2. Ensemble Performance.
3. Positions and Performance.
4. Signal Summary for Next Week.
1. Market Recap and Comments (November 7 – November 11, 2022)
Stocks (SPY) surged 5.2% amid the expectation of a top in inflation. Commodities (DBC) fell 1.6%. Gold (GLD) rallied 5.2% on the back of a retreating U.S Dollar. High-yield corporate bonds (HYG) gained 2.1%, while long-duration bonds (TLT) were up 3.9%. Year-to-date, the DBC ETF is up 25.8%. The TLT ETF is down the most, with a loss of 32.7%. The US Dollar index (UUP) is up 11.8% year-to-date.
The S&P 500 index is down 16.8% from its all-time highs after the rally this week. Last week I wrote:
We expect volatility to rise in the next week and more whipsaw in all major markets.
The realized volatility (21-day annualized) surged, from 26.2% to 30%. As measured by VIX, the implied volatility fell from 24.6% to 22.5%. Investors expect this rally to continue, and calls for new highs in the S&P 500 have already surfaced. However, as we have insisted many times, no one knows whether this rally is a bear market rebound or signals a bottom formation. The samples are tiny, and any statistical analysis is impossible.
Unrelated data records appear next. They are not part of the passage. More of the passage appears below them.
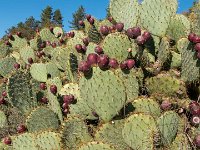 web-9 : FRA, France, Pierrerue, Provence-Alpes-Côte d'Azur, Saint-Pierre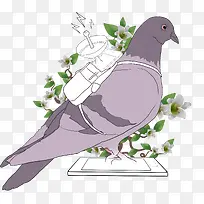 �ֻ��ɫ���Ӳ�ͼ-������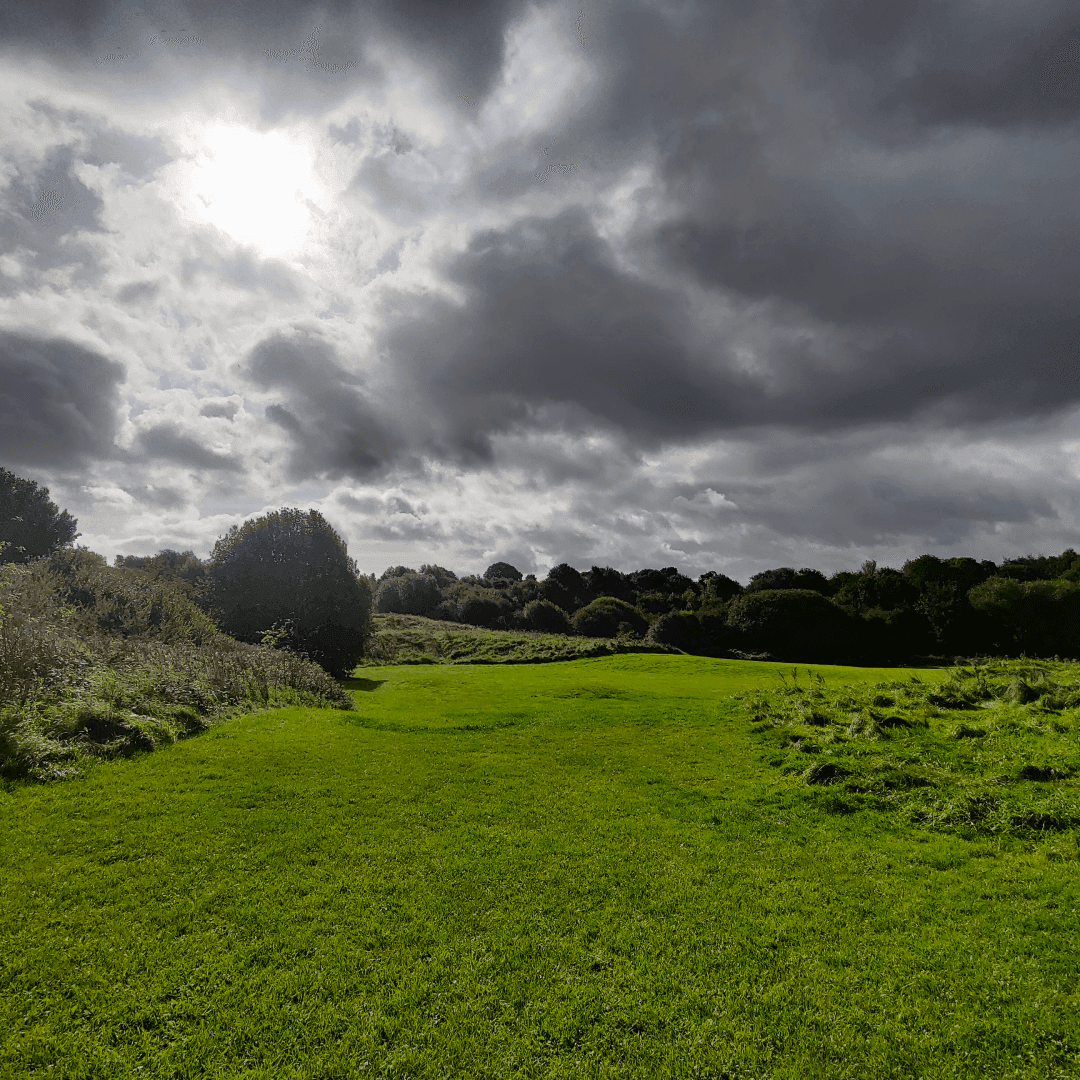 Primrose Valley Park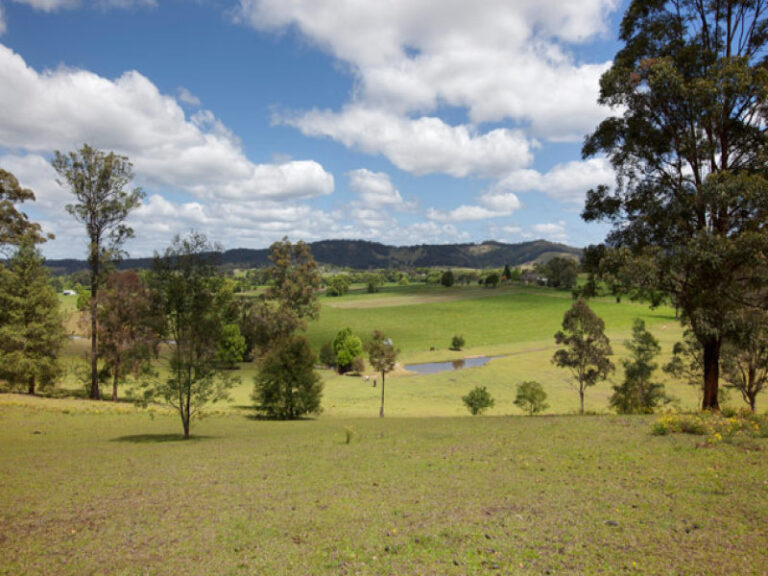 Sold - 1196 Rodeo Drive - New Property in BOWRAVILLE - Real Estate by McGrath Nambucca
As a result of the strong rebound, two of the short positions in the DOWW long/short strategy were stopped. This is inevitable in strong rallies due to short-covering. The DOWW long/short provided convexity when needed, but it could become a drag in the current regime, although the strategy is up year-to-date. We are thinking of removing this strategy next year. The new ETFLSW strategy can also provide convexity due to signals in commodity ETFs. The exposure to stocks will decrease, and this is desirable. We still get exposure to stocks from other strategies, including mean-reversion.